#### [Your assignment]
Counting only lines below that hold "portrait", give the total alone.

#### [Web page caption snippets]

▬▬▬

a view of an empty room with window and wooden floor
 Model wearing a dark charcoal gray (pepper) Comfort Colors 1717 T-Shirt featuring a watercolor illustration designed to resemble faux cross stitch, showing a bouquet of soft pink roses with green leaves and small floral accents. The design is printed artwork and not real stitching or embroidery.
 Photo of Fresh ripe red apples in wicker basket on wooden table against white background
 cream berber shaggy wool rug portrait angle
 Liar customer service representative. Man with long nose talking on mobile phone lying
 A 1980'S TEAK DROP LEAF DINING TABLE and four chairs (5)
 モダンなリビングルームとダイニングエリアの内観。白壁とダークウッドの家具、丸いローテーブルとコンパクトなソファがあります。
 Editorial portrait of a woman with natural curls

▬▬▬

#### [Exercise output]
2